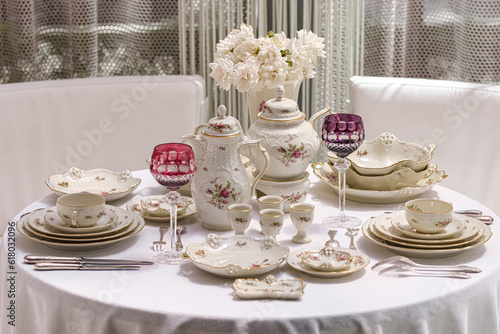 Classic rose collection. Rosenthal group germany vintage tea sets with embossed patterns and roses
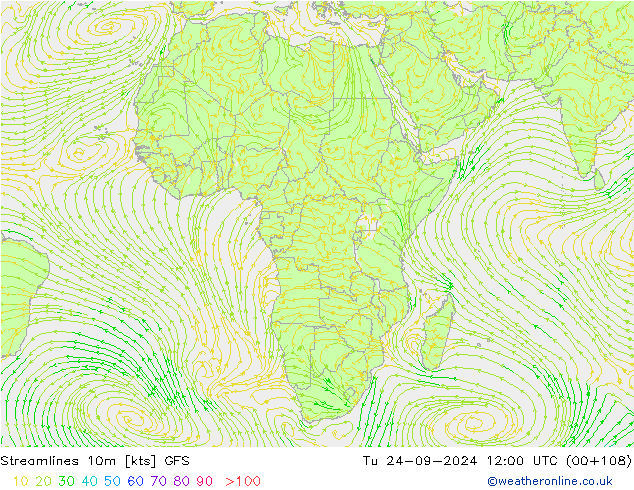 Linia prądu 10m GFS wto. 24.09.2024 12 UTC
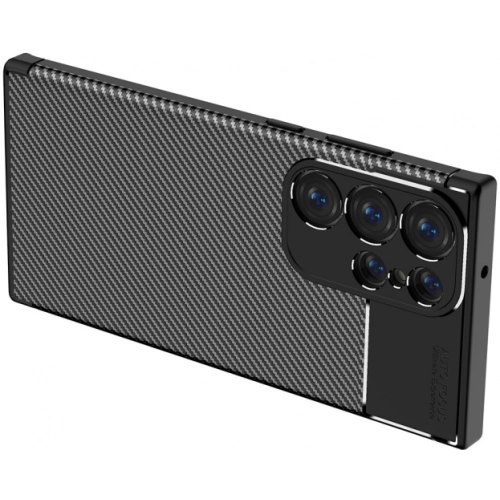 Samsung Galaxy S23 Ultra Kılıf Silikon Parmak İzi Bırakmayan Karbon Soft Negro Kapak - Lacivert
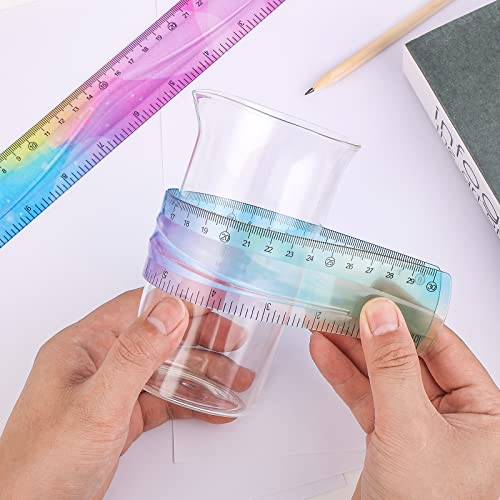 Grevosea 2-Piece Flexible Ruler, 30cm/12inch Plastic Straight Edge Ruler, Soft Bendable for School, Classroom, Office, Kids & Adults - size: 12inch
* * * * *
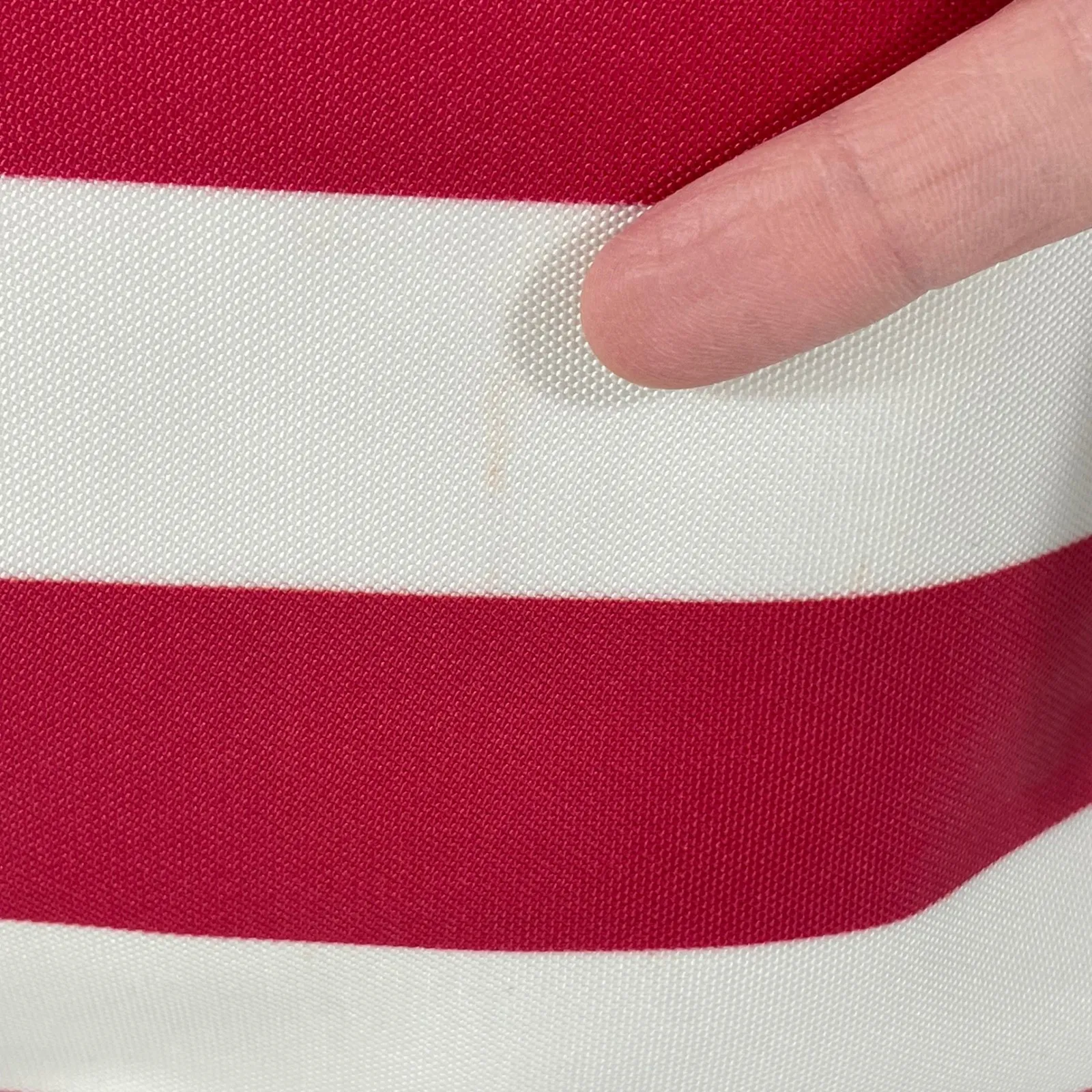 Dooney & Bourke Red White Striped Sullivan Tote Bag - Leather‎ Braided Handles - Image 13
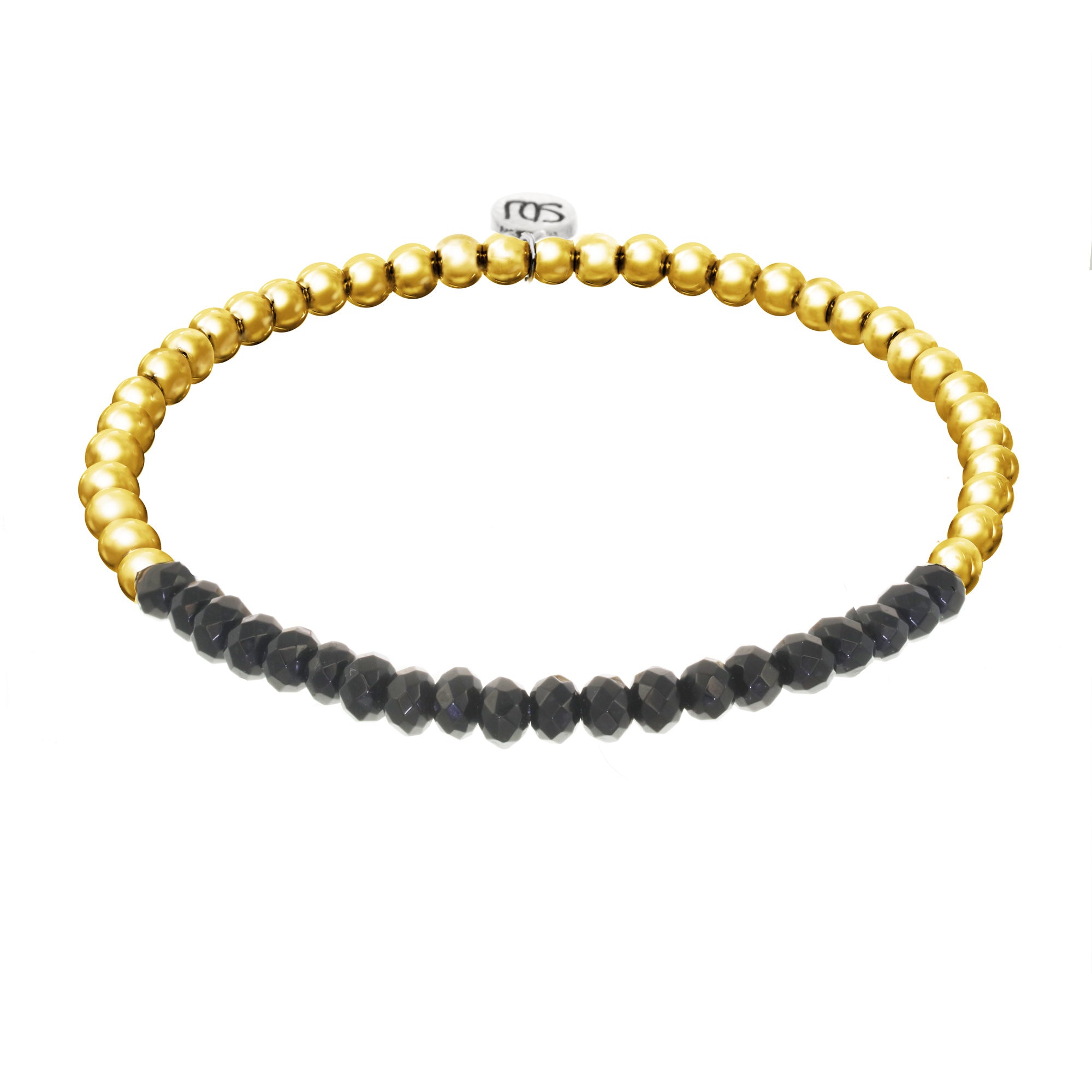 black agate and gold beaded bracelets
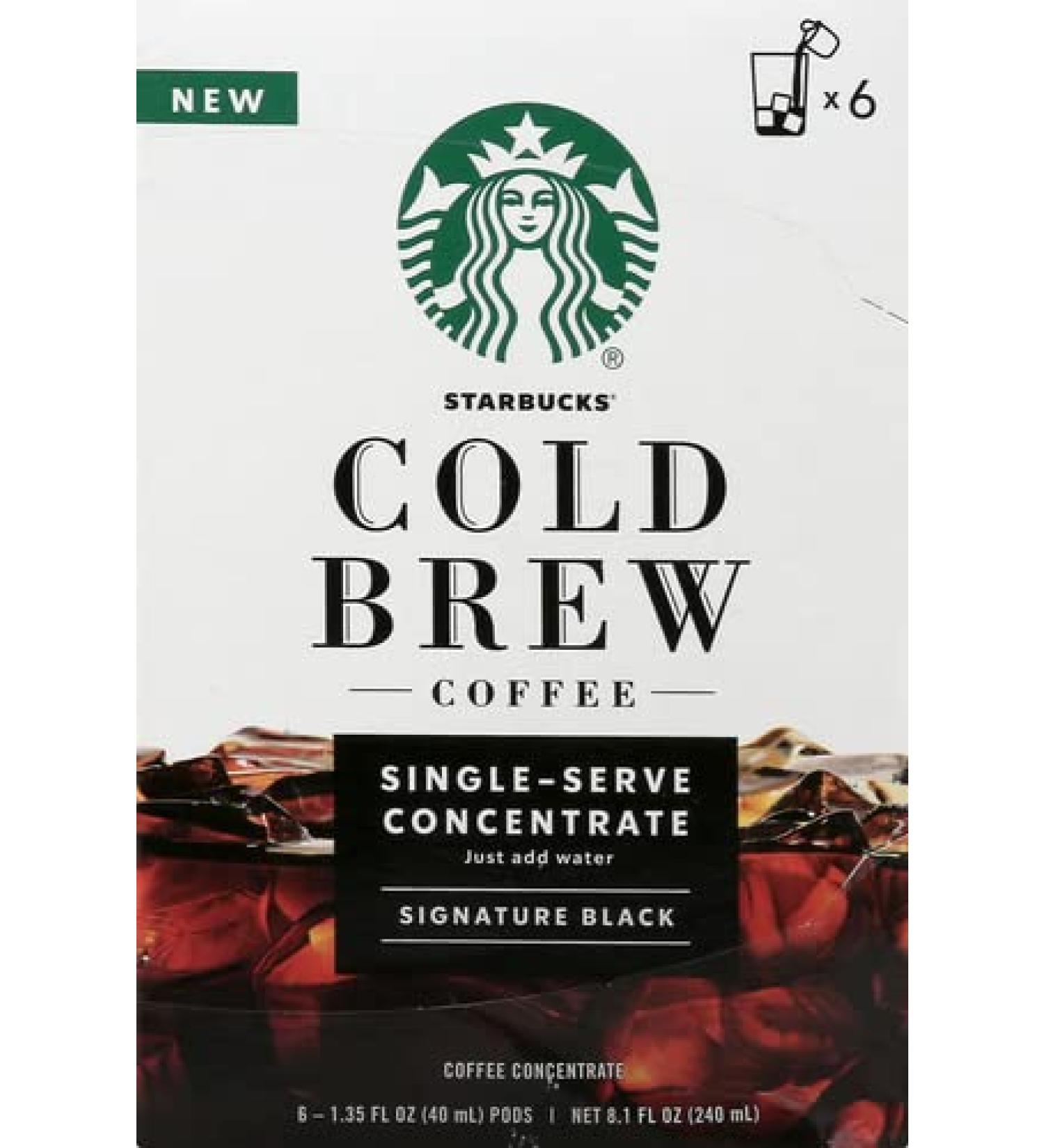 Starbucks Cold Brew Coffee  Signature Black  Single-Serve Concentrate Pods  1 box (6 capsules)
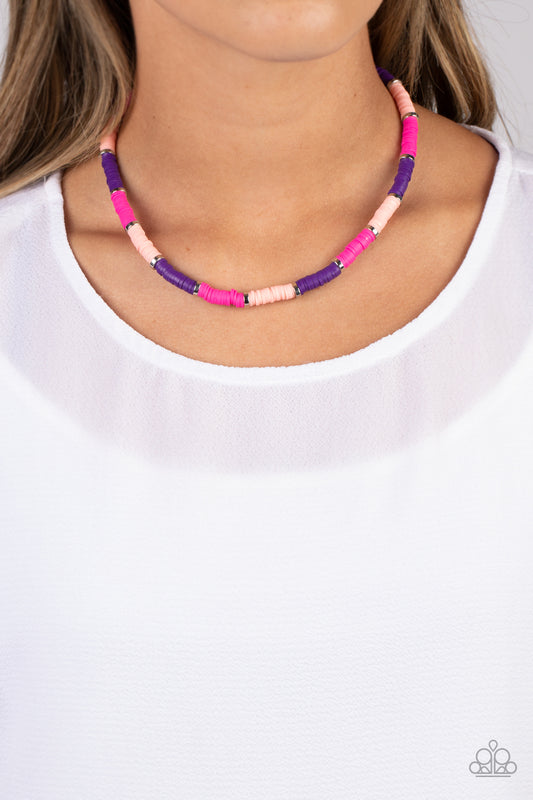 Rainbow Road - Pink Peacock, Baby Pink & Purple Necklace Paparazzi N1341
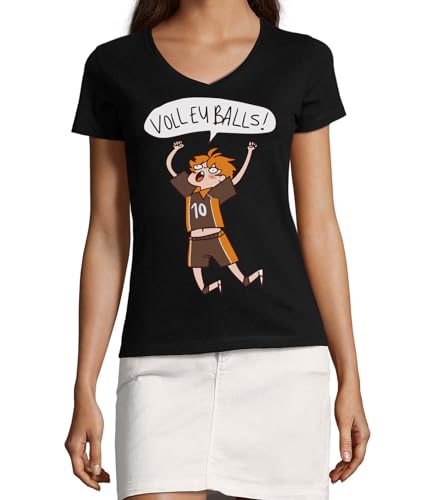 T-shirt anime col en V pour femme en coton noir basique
* * * * *
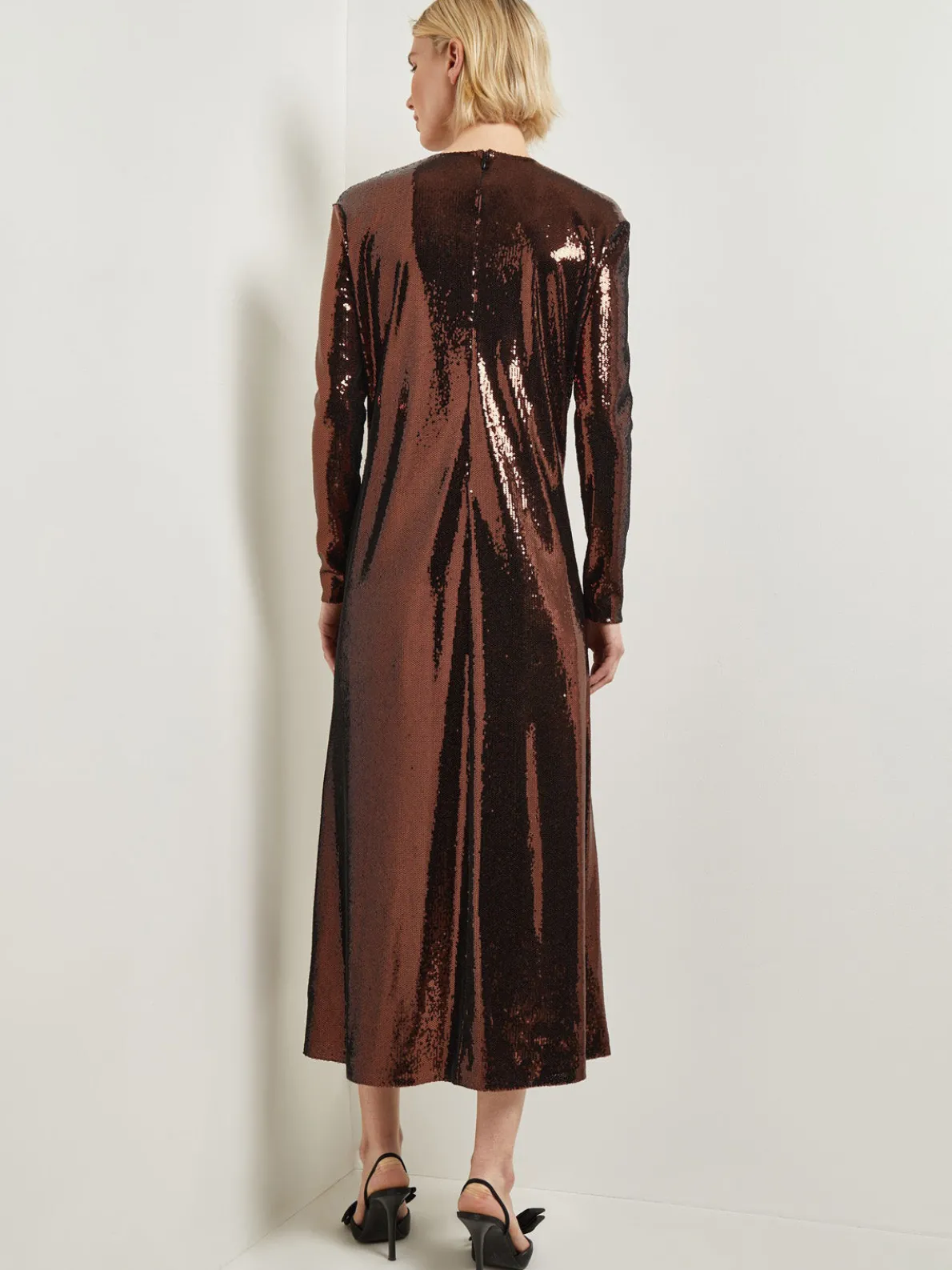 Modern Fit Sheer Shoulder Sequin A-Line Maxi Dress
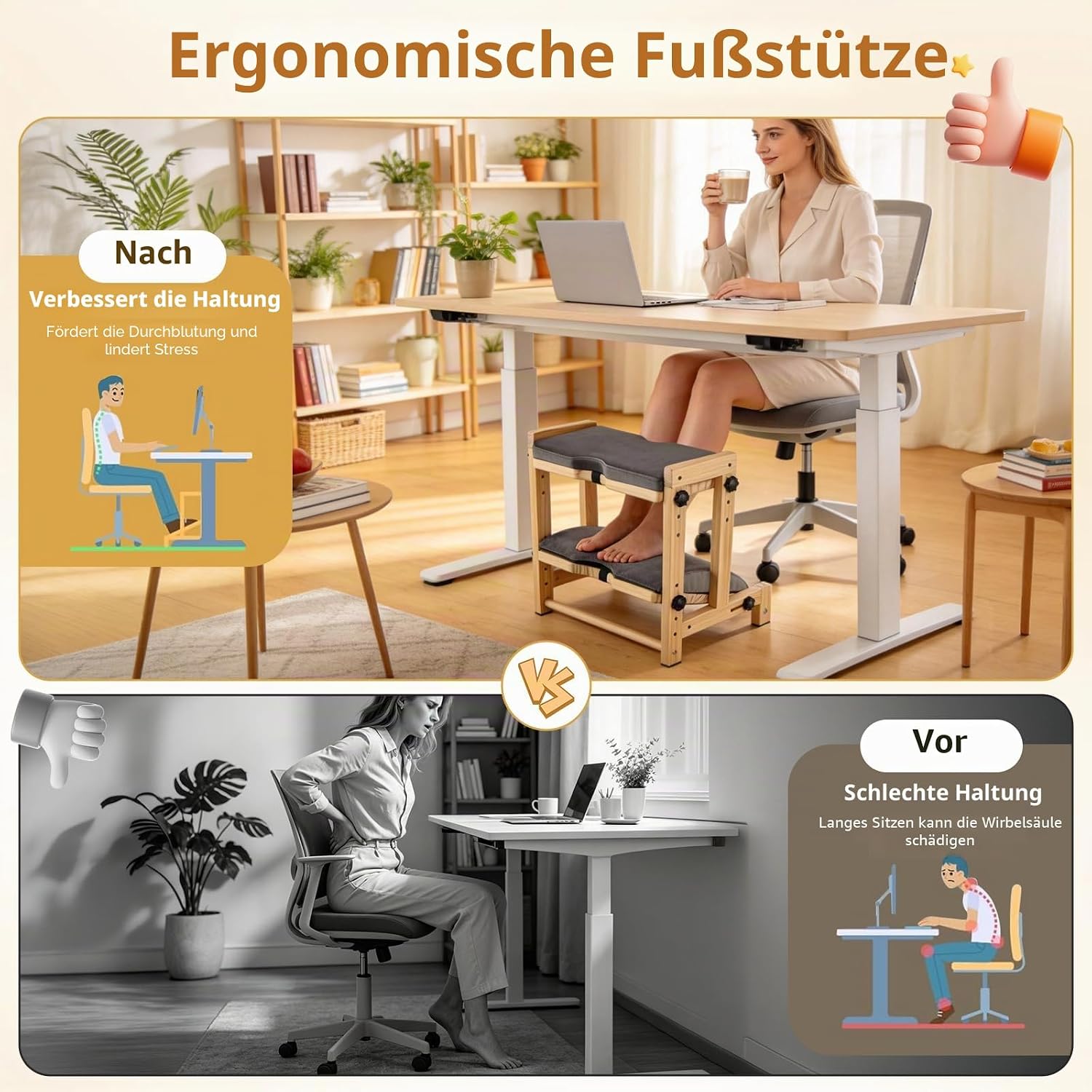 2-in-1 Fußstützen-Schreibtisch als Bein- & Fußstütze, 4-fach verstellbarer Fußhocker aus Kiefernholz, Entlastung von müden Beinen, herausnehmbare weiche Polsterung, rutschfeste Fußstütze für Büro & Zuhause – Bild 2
* * * * *
Task brief = The answer must be the part of the records that opens with the line containing "Modern Fit Sheer" and closes with the line containing "2-in-1 Fußstützen-Schreibtisch als", reproduced exactly, with no pictures.

Exercise solution =
 Modern Fit Sheer Shoulder Sequin A-Line Maxi Dress
 2-in-1 Fußstützen-Schreibtisch als Bein- & Fußstütze, 4-fach verstellbarer Fußhocker aus Kiefernholz, Entlastung von müden Beinen, herausnehmbare weiche Polsterung, rutschfeste Fußstütze für Büro & Zuhause – Bild 2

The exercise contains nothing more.